▸ TASK OBJECTIVE: Transcribe the listing verbatim. Do not carry over any pictures.

▸ RECORDED INFORMATION:

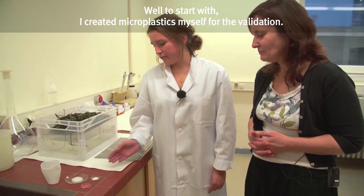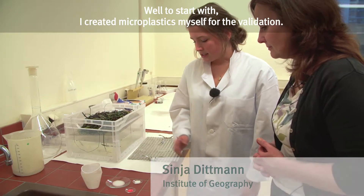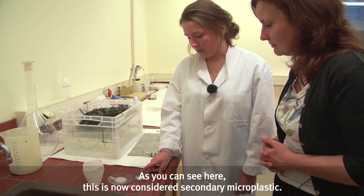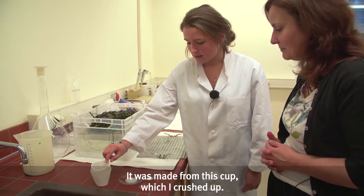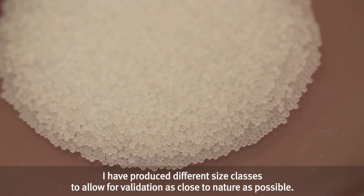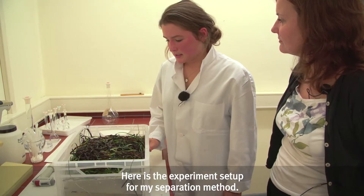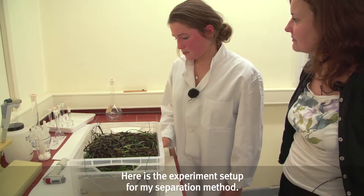I have first made microplastics for my validation. You can see here that it is a secondary microplastic — this microplastic is made out of this cup (Becher), which has been cleaned up. I have produced different size classes (Größenklassen) so that the validation can be carried out under natural conditions. And here is the experimental setup (Versuchsaufbau) for my separation method.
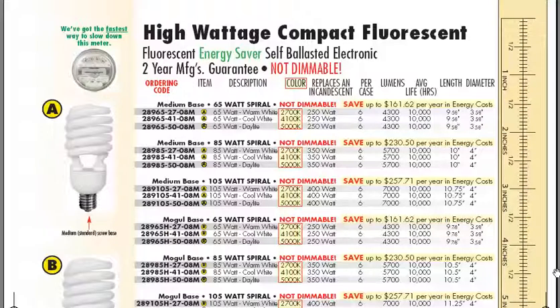You can take a 65 or an 85 and definitely replace it for like a 175 or a 250 metal halide, or for sure high pressure sodium, which is a yellow light. Be careful as well on the medium and mogul base. Also these bulbs, if you see the length and diameter, they range from 9 to like 11 or 12 inches.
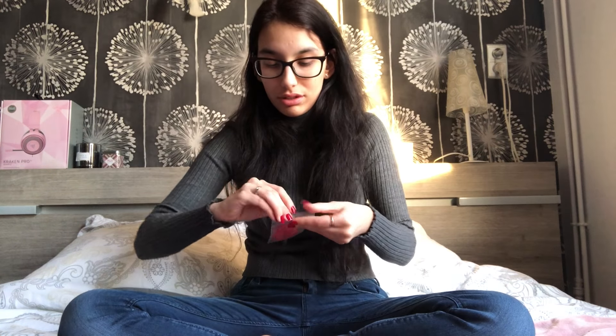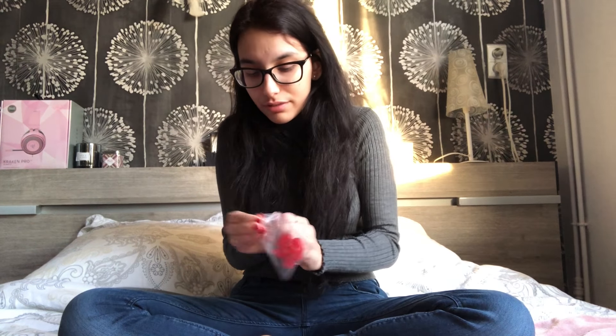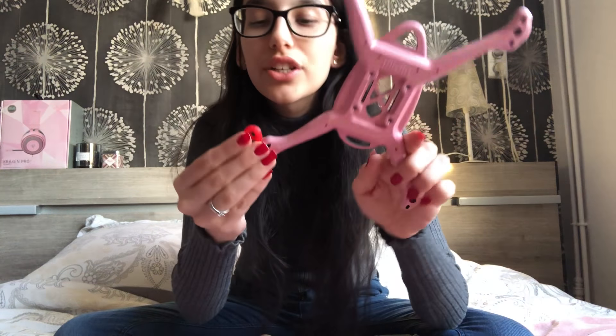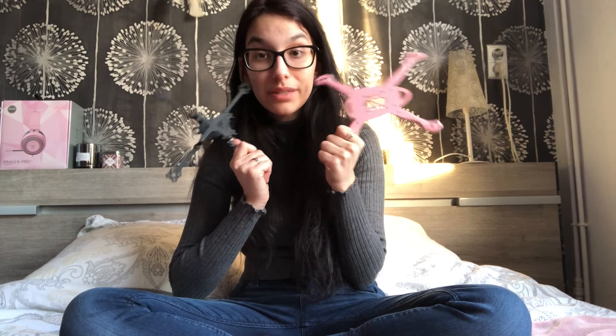iFlight also sent me the 3D printed parts so that the components are protected. As you can see you can just put them on here. This one was 107 grams by the way, while this one is 55 — a huge difference. But this one is very, very, very sturdy and I hope that this one will be very strong as well.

▸ COMPLETED EXERCISE:
I have first made microplastics for my validation. You can see here that it is a secondary microplastic — this microplastic is made out of this cup (Becher), which has been cleaned up. I have produced different size classes (Größenklassen) so that the validation can be carried out under natural conditions. And here is the experimental setup (Versuchsaufbau) for my separation method.
You can take a 65 or an 85 and definitely replace it for like a 175 or a 250 metal halide, or for sure high pressure sodium, which is a yellow light. Be careful as well on the medium and mogul base. Also these bulbs, if you see the length and diameter, they range from 9 to like 11 or 12 inches.
iFlight also sent me the 3D printed parts so that the components are protected. As you can see you can just put them on here. This one was 107 grams by the way, while this one is 55 — a huge difference. But this one is very, very, very sturdy and I hope that this one will be very strong as well.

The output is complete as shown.